Your instructions:
Give back the listing in full and exactly, leaving out the images.

[[ Data segment, beginning ]]

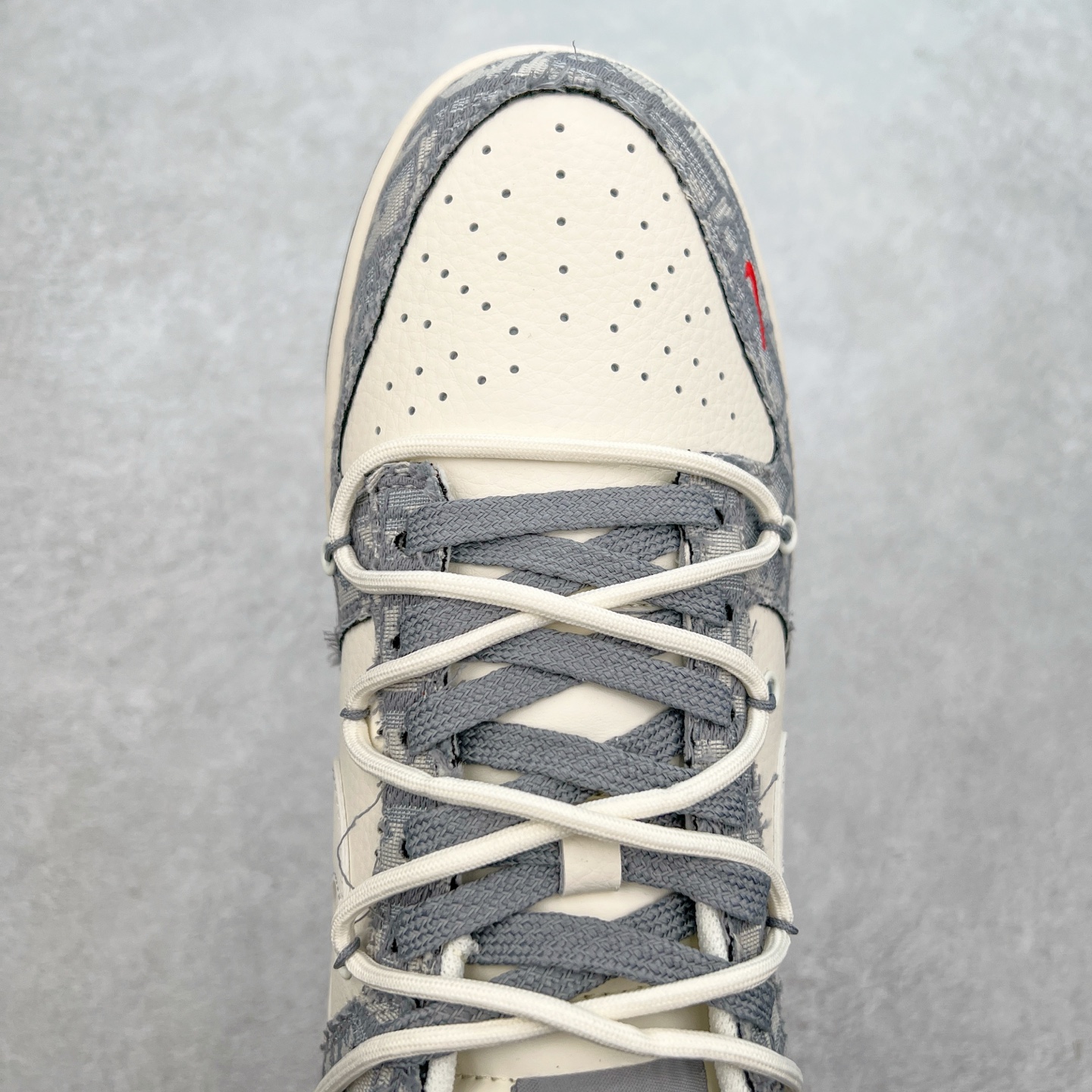 图片[4]-NK Dunk Low 定制配色 SJ2068-316 大厂出品 极力推荐 原装头层材料 独家版型蒸餾加工帶來的是更好的视觉和脚感体验大厂纯原品质出货 清洁度 电绣工艺 皮料切割干净无任何毛边 细节完美 实拍调校N版已经零色差零失真 百分百还原实物色彩所见即所得 不存在货不对板色差等低级问题 选购参考实物拍摄 不混卖不参货 只用心做好货严格选品 承诺混一赔十 尺码：36 36.5 37.5 38 38.5 39 40 40.5 41 42 42.5 43 44 44.5 45-选品中心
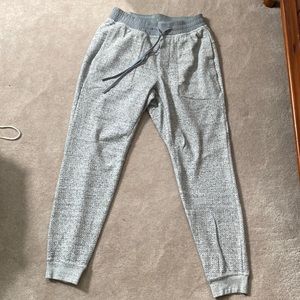 Lululemon Mens grey joggers size medium
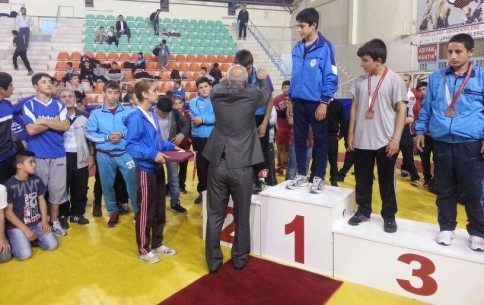 Güreşçiler Çorum ve Konya'dan Madalyalarla Dönüyor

[[ Data segment, end ]]

Solution below:
 图片[4]-NK Dunk Low 定制配色 SJ2068-316 大厂出品 极力推荐 原装头层材料 独家版型蒸餾加工帶來的是更好的视觉和脚感体验大厂纯原品质出货 清洁度 电绣工艺 皮料切割干净无任何毛边 细节完美 实拍调校N版已经零色差零失真 百分百还原实物色彩所见即所得 不存在货不对板色差等低级问题 选购参考实物拍摄 不混卖不参货 只用心做好货严格选品 承诺混一赔十 尺码：36 36.5 37.5 38 38.5 39 40 40.5 41 42 42.5 43 44 44.5 45-选品中心
 Lululemon Mens grey joggers size medium
 Güreşçiler Çorum ve Konya'dan Madalyalarla Dönüyor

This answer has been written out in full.